The 28-year-old became the first ever British female boxer to qualify for the Olympics by reaching the semi-finals of the World Championships in China in May – going on to win bronze in the lightweight category.
Prior to that, Jonas had won European bronze in 2011 at light welterweight and was England’s No.1, but after dropping down a category she saw off stiff competition from Amanda Coulson and Chantelle Cameron to earn her shot at the Olympics.
Jonas was handed a tough first round draw against American Quanitta Underwood but she still harbours hopes of improving on her World Championship performance.
“I want to change my world bronze into gold come the Games so it’s a case of working as hard as I have been between now and the competition, and then that little bit more,” she said.

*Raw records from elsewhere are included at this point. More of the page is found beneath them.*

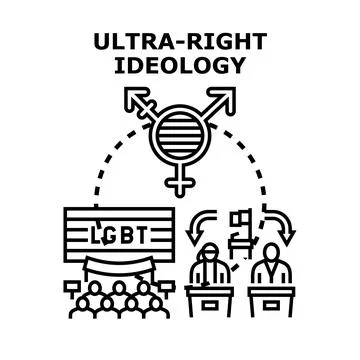 Ultra right ideology pushing back gender identity rights Stock Illustration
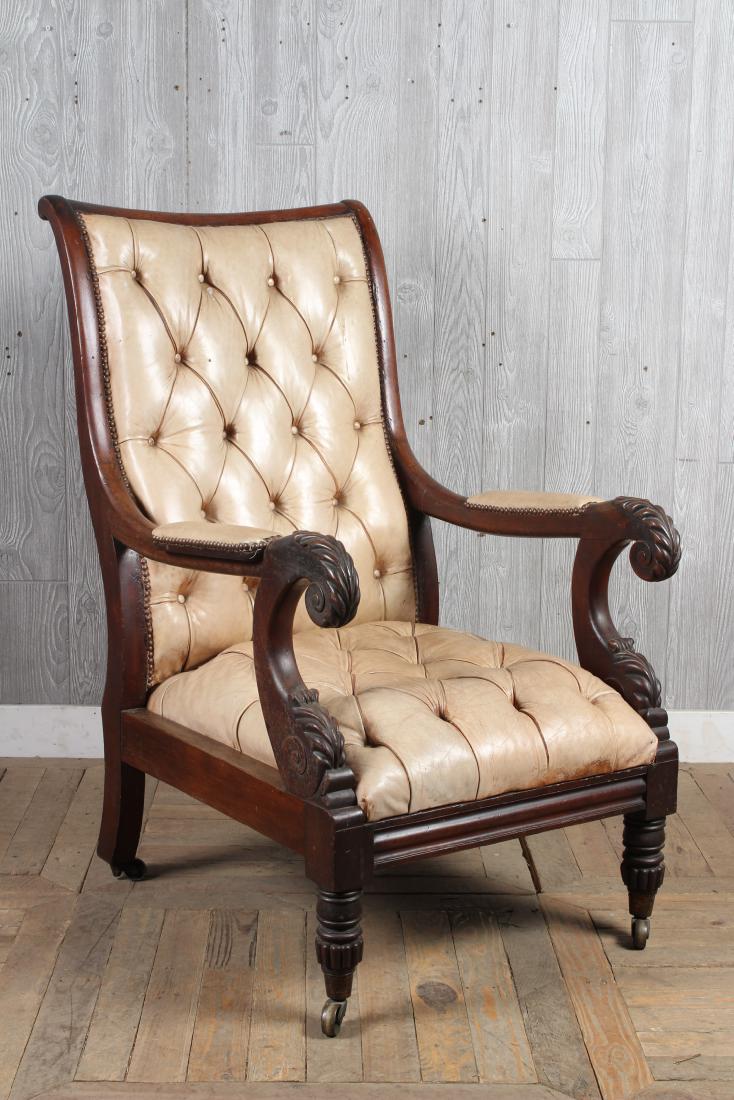 19th C Carved English William IV Library Chair (1 of 4)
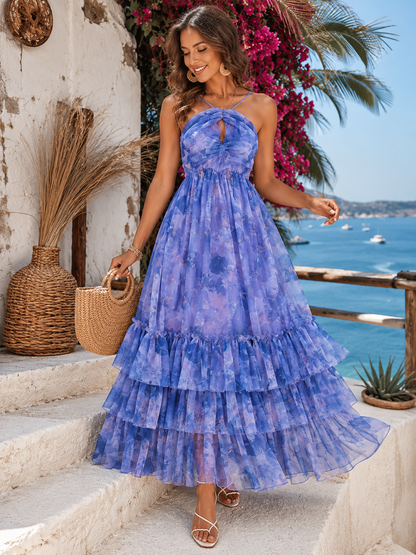 Vacation Halter Sleeveless Printed Dress – Tiered Mesh Cake Skirt, Flowy Summer Maxi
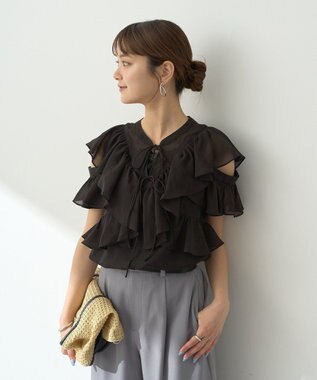 earth music&ecology ２ＷＡＹフリルブラウス Black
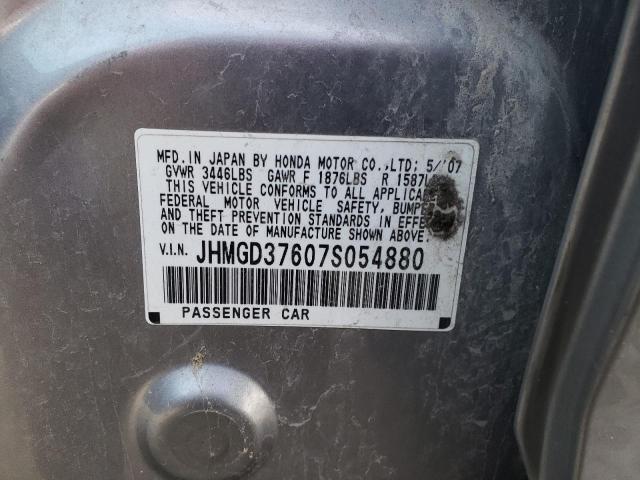 JHMGD37607S054880 - 2007 HONDA FIT S ნაცრისფერი ფოტო 12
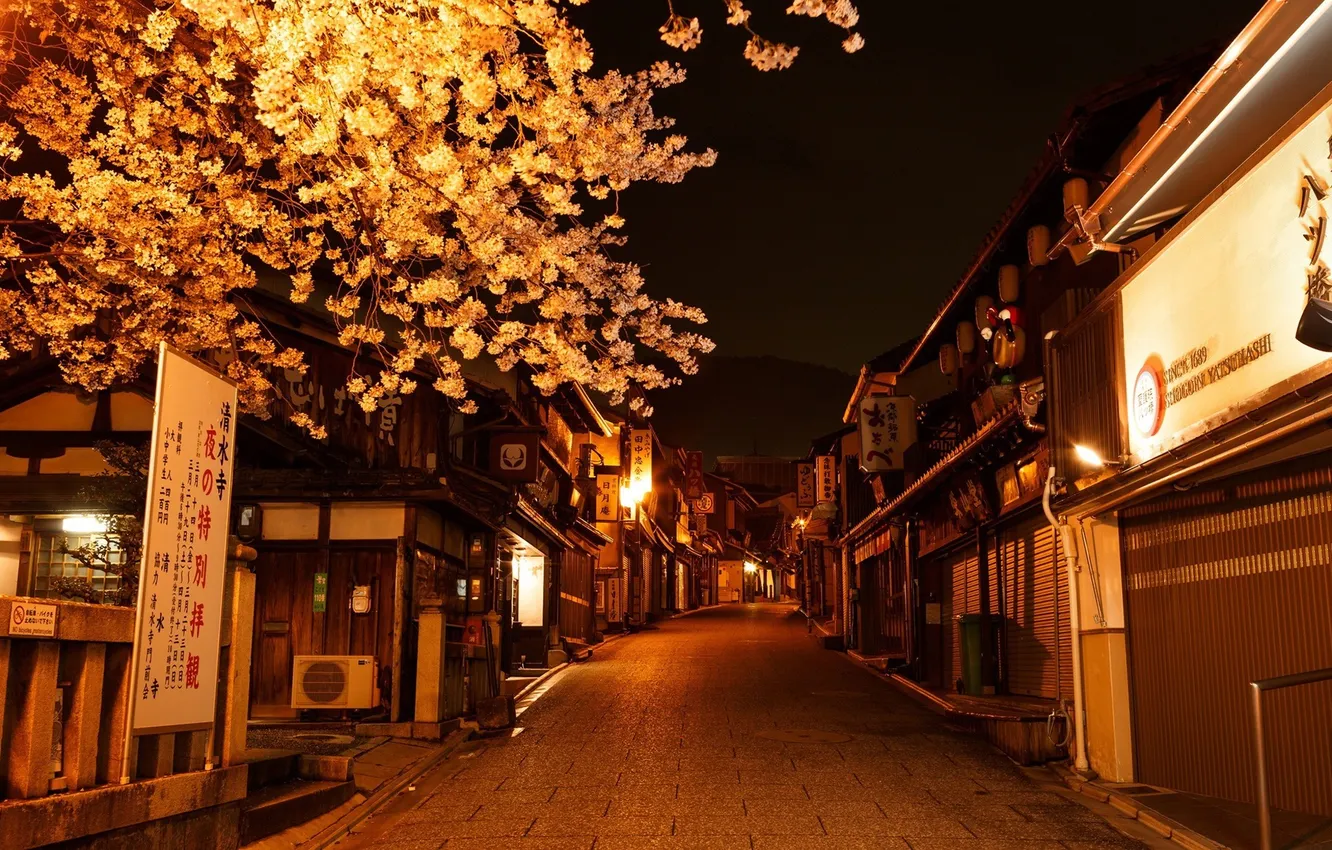 Фото обои Япония, Азия, Japan, Asia, Night Street, Город Киото, Ночная улица, Kyoto City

“To be honest not many people expected me to come back with a medal from the worlds, I went there to make sure I qualified.
“To medal guaranteed my spot at the Games so in a sense I feel like the pressure is off now, I can go out and there and do what I do and perform.
“We are going in to the Games to do what we always do, it’s a huge event but at the end of the day it is still a tournament for us.
“And whatever tournament we go to we expect medals, Team GB is one of the best in the world so we are going there to do well and get medals.”
Jonas, and the other 35 female boxers competing, will all be making history this summer with London 2012 the first Olympics to see women enter the ring – and she is determined to enjoy the ride.
“Since 2009 when women’s boxing was added to the Olympics this has been a dream for me, I was already England no.1 by then, albeit it at a different weight,” she added.
“This is our first Olympics, we are the pioneers for women’s boxing so we need to make sure we enjoy ourselves, do our best and hopefully come back with a medal.”